Ces dernières nouvelles sont d’autant plus inquiétantes qu’ailleurs au Canada, certains fabricants interprètent un peu trop librement les règles sur la promotion des produits du vapotage, tandis que les sanctions de Santé Canada à leur égard sont souvent timides ou tardives. En 2018-2019, par exemple, Santé Canada a tardé à sévir contre une publicité télévisée pour la cigarette électronique Vype ePen3 de British American Tobacco (BAT) qui a été diffusée des milliers de fois et qui comportait plusieurs éléments ayant trait au style de vie, ce qui contrevient à la Loi sur le tabac et les produits de vapotage. Dans le centre-ville de Toronto, des installations mobiles de BAT faisant la promotion de la Vype ePen3 contrevenaient aussi à la loi. Leur défaut? Elles donnaient à la cigarette électronique une impression générale de plaisir et de jeunesse alors que le vapotage est loin d’être un loisir et s’adresse plutôt à des fumeurs cherchant à se libérer de leur dépendance. Par contre, ces efforts de marketing de BAT répondaient parfaitement à un de ses objectifs : créer de nouveaux utilisateurs de nicotine.

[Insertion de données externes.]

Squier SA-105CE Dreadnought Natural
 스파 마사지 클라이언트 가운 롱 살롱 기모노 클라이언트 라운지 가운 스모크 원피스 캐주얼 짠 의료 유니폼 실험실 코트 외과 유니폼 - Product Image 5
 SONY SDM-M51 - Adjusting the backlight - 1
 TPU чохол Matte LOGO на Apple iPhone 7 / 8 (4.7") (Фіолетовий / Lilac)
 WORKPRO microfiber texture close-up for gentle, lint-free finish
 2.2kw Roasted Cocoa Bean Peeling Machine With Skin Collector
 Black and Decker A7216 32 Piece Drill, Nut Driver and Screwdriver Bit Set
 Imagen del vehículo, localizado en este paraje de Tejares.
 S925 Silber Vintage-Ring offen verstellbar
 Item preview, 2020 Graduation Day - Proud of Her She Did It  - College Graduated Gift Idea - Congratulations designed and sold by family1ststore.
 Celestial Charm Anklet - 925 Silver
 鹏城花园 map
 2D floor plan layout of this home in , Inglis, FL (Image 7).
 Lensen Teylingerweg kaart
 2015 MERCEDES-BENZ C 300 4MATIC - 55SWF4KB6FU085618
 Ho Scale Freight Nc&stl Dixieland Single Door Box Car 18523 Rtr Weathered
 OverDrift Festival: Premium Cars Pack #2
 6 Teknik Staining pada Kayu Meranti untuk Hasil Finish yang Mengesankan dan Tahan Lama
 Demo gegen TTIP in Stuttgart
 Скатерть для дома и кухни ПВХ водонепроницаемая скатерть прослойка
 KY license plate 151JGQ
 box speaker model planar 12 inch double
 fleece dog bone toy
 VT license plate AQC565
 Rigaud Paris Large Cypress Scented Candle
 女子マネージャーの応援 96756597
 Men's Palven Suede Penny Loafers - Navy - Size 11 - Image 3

À tout prendre, le Canada et le Québec ont donc intérêt à avoir des lois fortes et pleinement implantées s’ils veulent faire contrepoids aux manigances sans cesse renouvelées de la grande industrie du tabac.

Anick Labelle

Correction : Une version précédente de cet article identifiait erronément Imperial Tobacco Canada (ITC) comme manufacturier de la cigarette électronique Vype. En réalité, ce produit de vapotage est fabriqué par British American Tobacco, le siège social de ITC, et distribué par ITC au Canada.